[Records supplied]
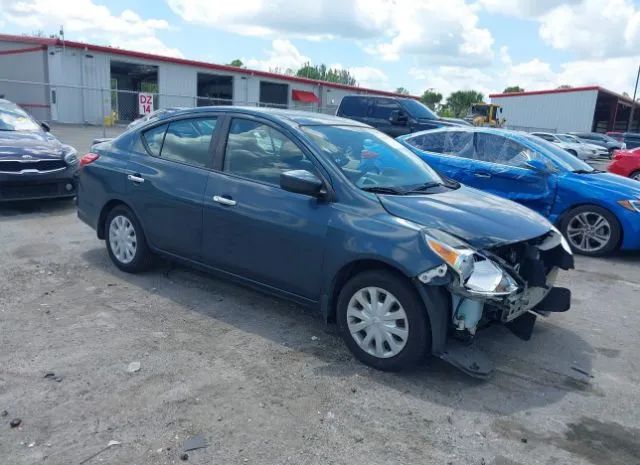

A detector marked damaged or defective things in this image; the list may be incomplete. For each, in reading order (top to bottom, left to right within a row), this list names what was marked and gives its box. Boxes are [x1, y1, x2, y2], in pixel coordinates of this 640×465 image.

damaged sedan [76, 108, 576, 376]
broken headlight [422, 229, 516, 298]
exposed headlight assembly [420, 229, 520, 298]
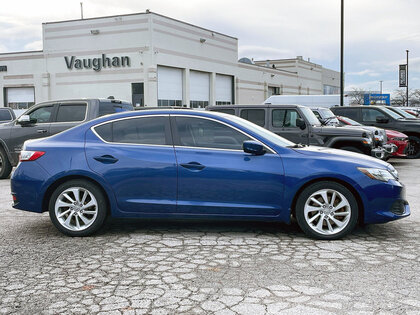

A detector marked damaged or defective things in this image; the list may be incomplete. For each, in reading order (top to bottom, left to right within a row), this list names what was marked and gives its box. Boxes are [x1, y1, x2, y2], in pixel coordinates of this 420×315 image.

cracked pavement [0, 159, 418, 314]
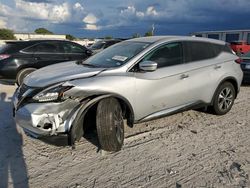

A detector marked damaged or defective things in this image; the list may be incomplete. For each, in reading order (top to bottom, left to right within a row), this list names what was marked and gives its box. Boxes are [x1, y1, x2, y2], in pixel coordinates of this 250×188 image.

crumpled hood [25, 61, 106, 87]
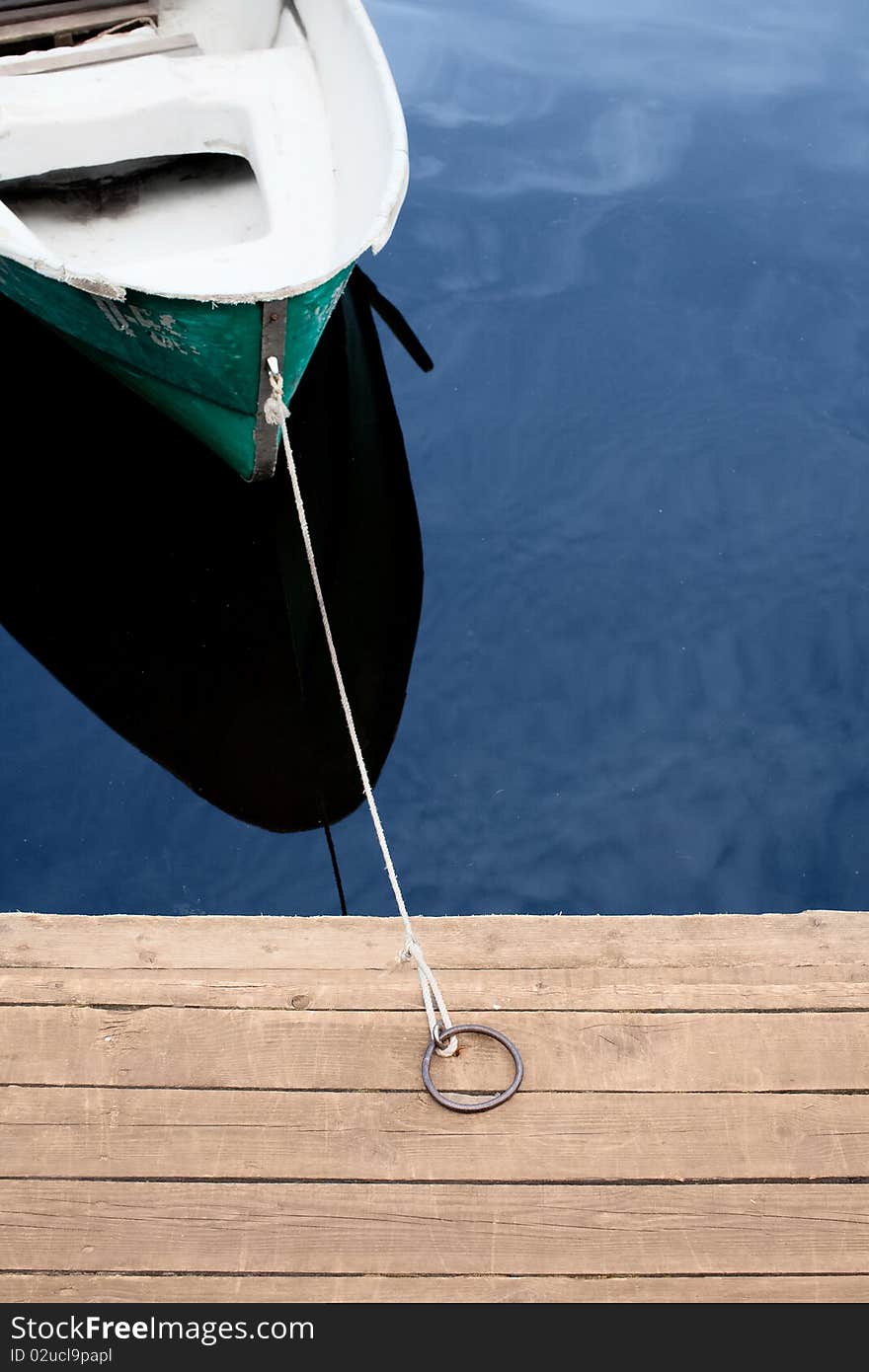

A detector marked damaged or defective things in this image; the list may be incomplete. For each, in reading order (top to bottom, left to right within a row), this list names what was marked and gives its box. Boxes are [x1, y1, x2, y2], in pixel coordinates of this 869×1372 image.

rusty metal ring [420, 1026, 521, 1108]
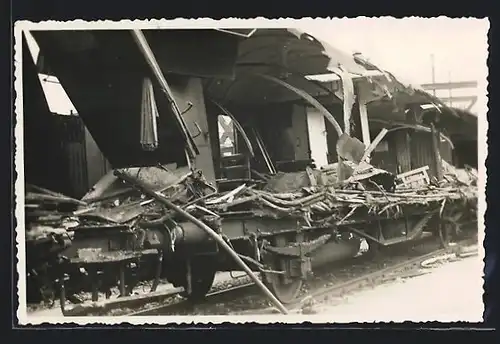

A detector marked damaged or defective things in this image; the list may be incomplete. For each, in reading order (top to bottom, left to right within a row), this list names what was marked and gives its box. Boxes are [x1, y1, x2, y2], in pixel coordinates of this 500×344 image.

bent pipe [246, 72, 344, 136]
bent pipe [112, 169, 288, 314]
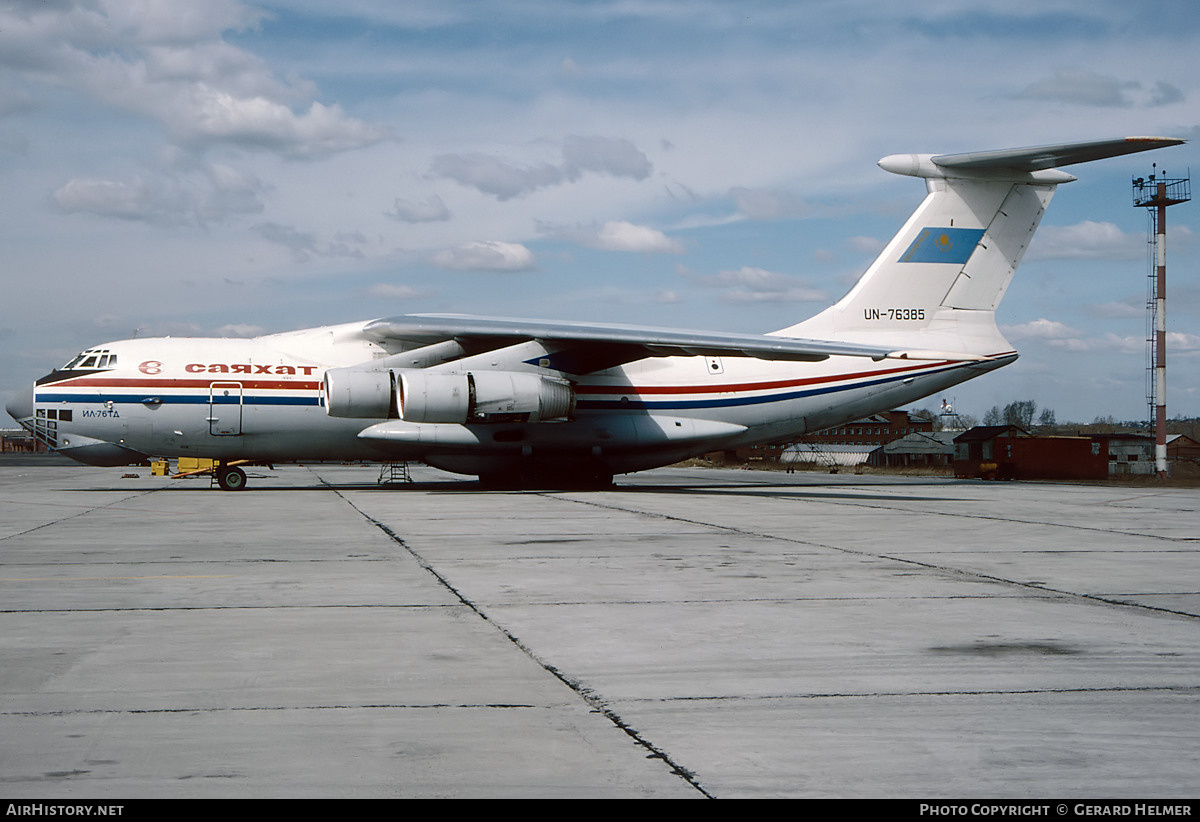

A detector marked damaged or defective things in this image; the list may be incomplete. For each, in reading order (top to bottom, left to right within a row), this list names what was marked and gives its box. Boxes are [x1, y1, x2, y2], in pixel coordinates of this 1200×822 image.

tarmac crack [314, 476, 716, 804]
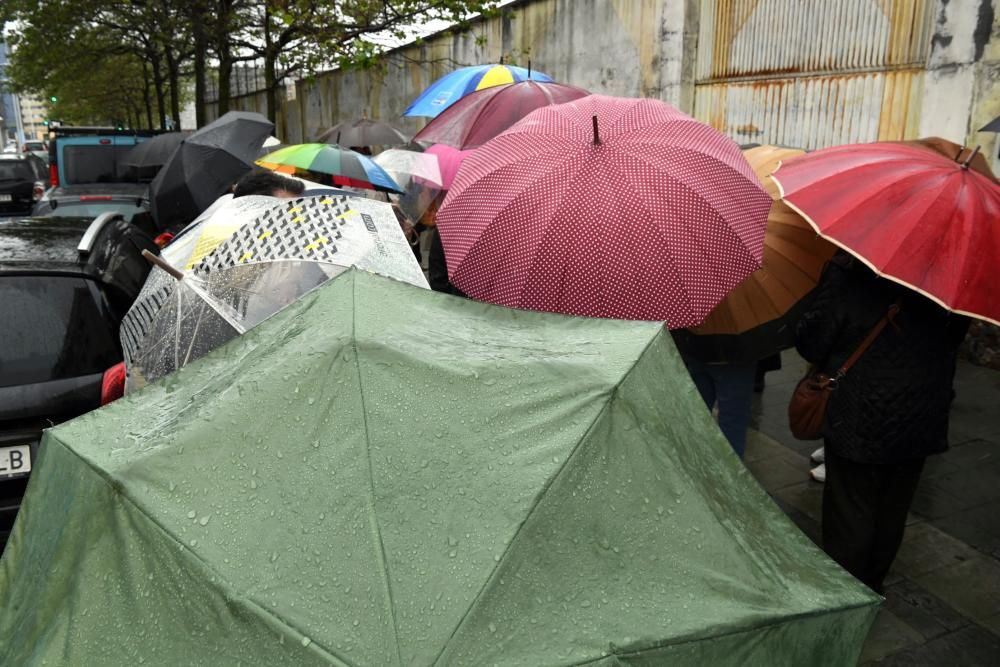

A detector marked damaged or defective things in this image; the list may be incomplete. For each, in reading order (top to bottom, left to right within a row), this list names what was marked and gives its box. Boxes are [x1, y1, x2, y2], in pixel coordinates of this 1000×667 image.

rusty metal door [696, 0, 936, 149]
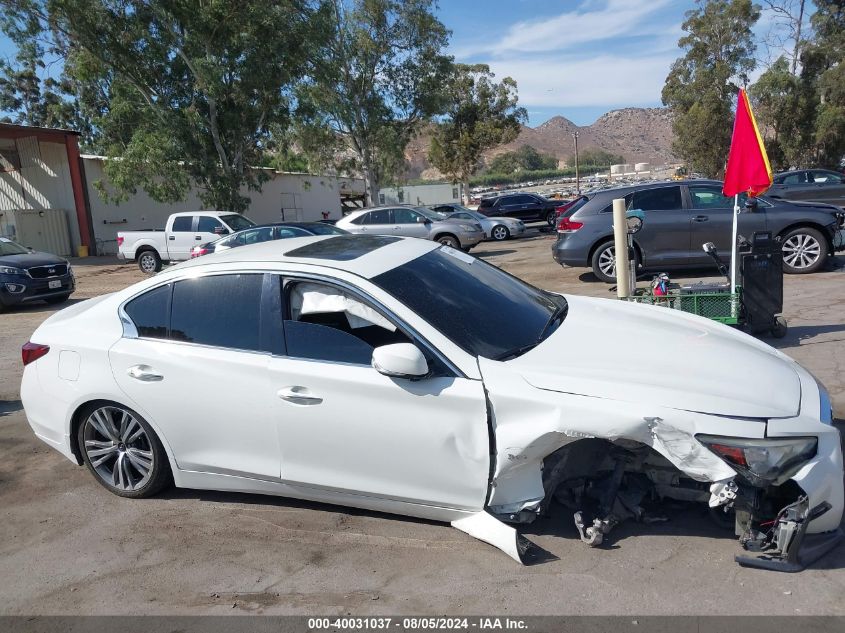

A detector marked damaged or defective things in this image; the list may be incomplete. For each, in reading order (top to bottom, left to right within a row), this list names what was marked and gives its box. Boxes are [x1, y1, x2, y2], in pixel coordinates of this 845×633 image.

white damaged sedan [21, 235, 844, 572]
car front end damage [452, 294, 840, 572]
broken headlight [692, 434, 816, 488]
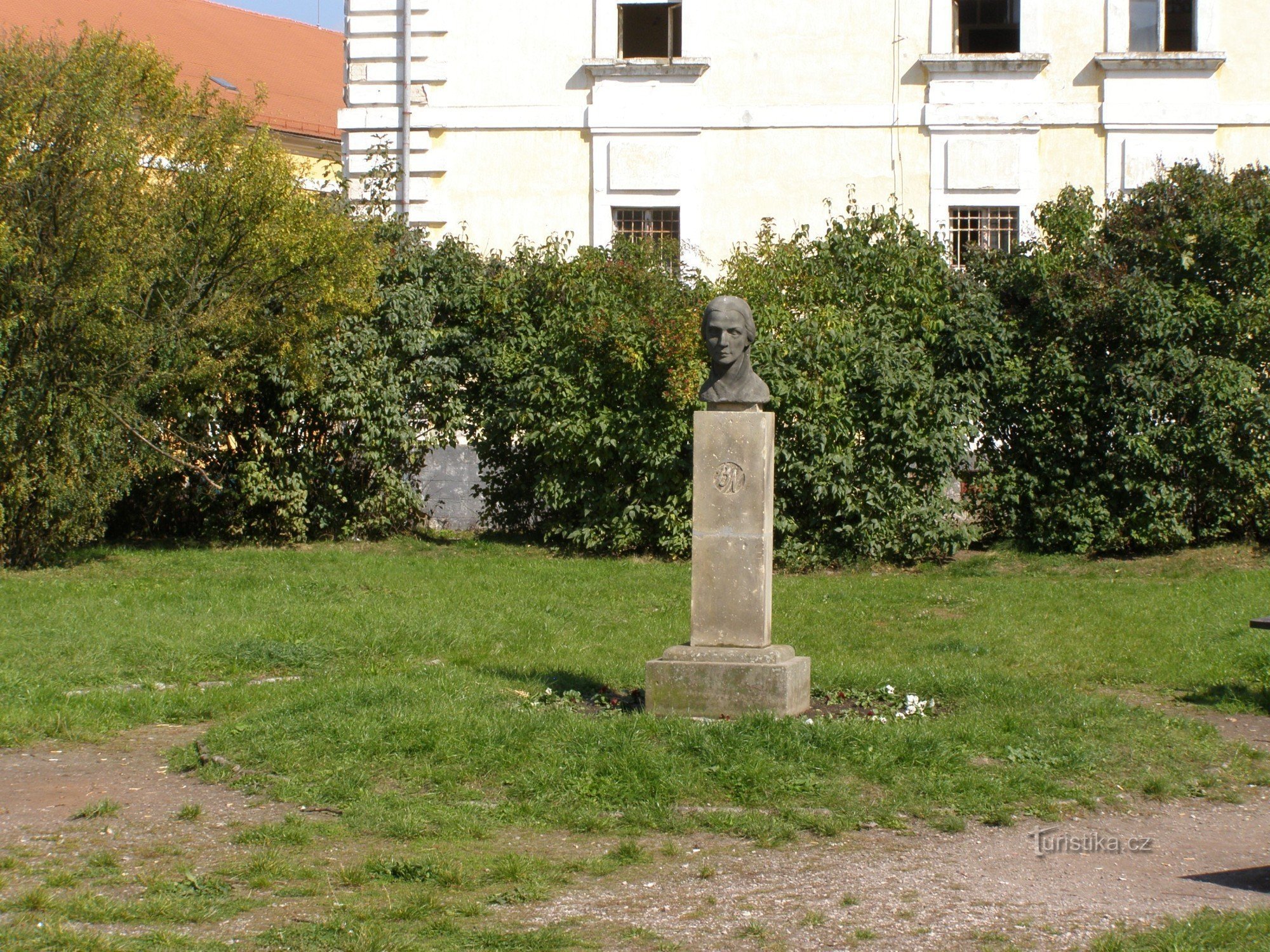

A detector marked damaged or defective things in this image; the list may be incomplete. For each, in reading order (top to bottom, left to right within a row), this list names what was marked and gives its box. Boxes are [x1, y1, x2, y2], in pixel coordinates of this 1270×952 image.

broken window [617, 3, 681, 58]
broken window [955, 0, 1021, 54]
broken window [1128, 0, 1194, 52]
broken window [610, 207, 681, 244]
broken window [950, 208, 1016, 269]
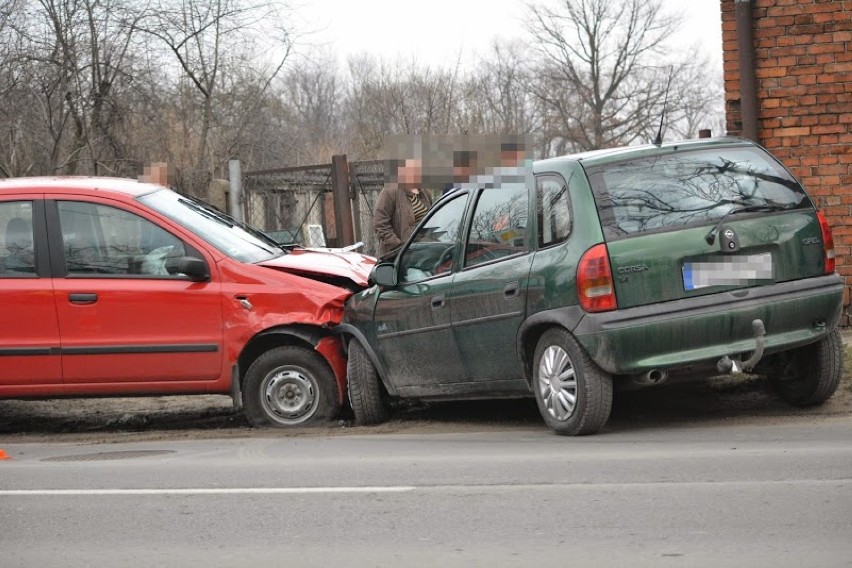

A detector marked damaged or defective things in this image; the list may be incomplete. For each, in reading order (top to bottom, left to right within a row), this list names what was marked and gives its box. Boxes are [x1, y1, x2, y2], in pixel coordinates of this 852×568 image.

crumpled hood [260, 247, 376, 288]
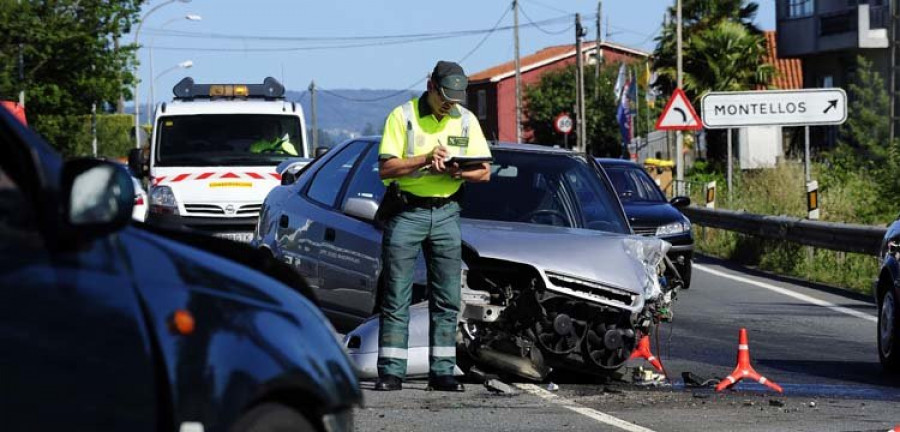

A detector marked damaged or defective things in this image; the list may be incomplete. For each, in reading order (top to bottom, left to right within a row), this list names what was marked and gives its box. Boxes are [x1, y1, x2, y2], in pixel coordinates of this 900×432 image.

damaged silver car [251, 140, 676, 380]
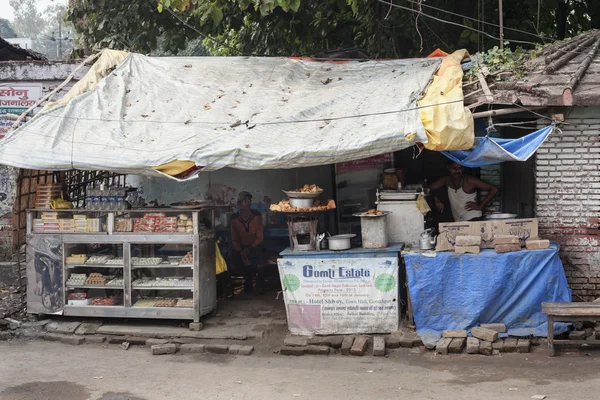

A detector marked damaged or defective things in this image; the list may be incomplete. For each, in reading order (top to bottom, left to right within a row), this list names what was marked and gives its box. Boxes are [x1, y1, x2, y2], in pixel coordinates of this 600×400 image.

wall with peeling paint [127, 166, 332, 209]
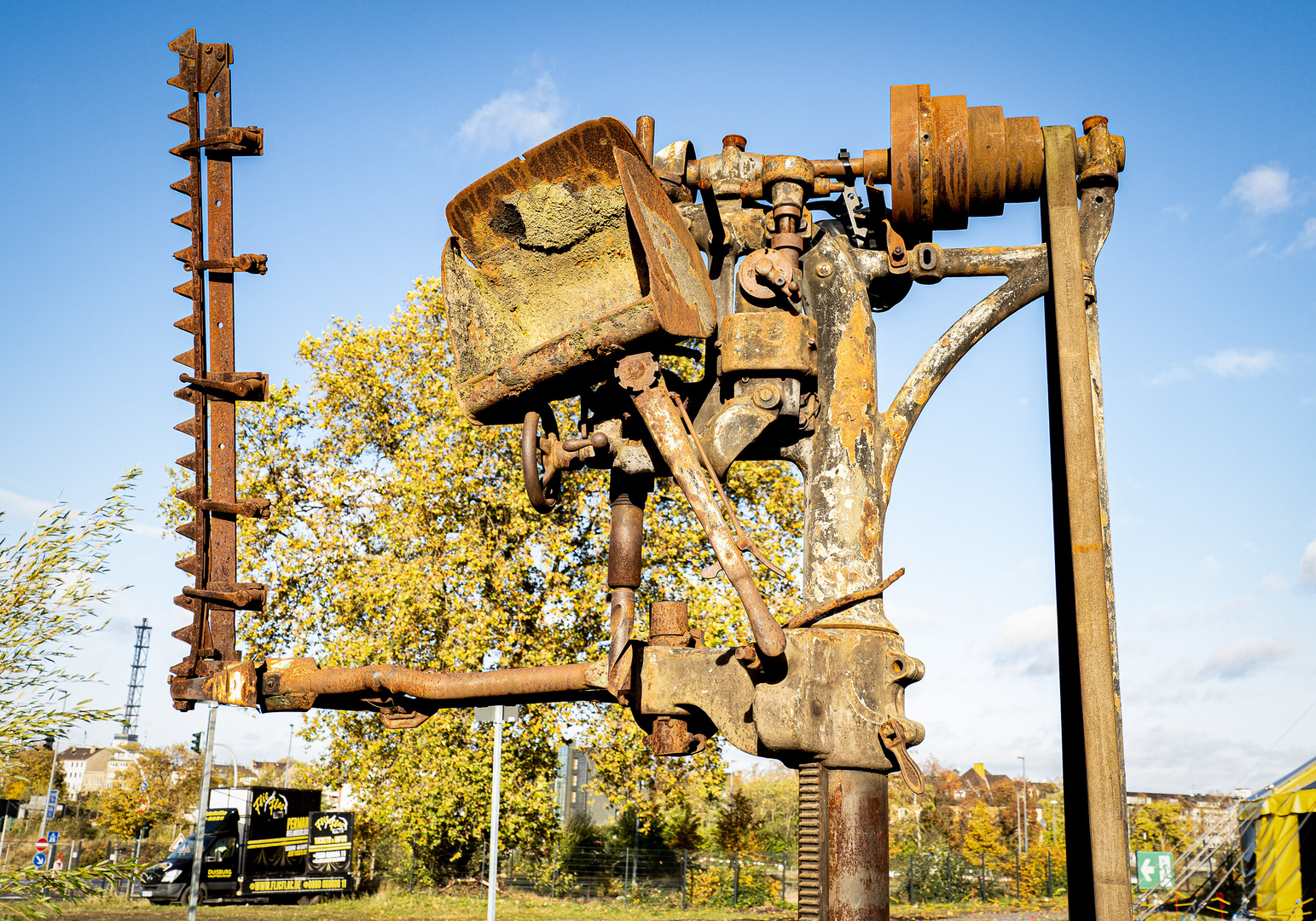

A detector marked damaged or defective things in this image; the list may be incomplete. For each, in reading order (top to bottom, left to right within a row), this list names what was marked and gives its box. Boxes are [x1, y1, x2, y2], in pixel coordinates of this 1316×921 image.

rusted metal bucket [442, 115, 716, 428]
rusty metal sculpture [164, 28, 1131, 921]
rust stain [826, 298, 878, 463]
rusty steel post [1036, 124, 1131, 921]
[/Records supplied]
What needs to be done:
Transcribe exactly, and only, the lines from the one with "this 1316×921 image." through the last line of the data.

Result of this task:
A detector marked damaged or defective things in this image; the list may be incomplete. For each, in reading order (top to bottom, left to right within a row), this list names what was marked and gives its box. Boxes are [x1, y1, x2, y2], in pixel coordinates of this 1316×921 image.

rusted metal bucket [442, 115, 716, 428]
rusty metal sculpture [164, 28, 1131, 921]
rust stain [826, 298, 878, 463]
rusty steel post [1036, 124, 1131, 921]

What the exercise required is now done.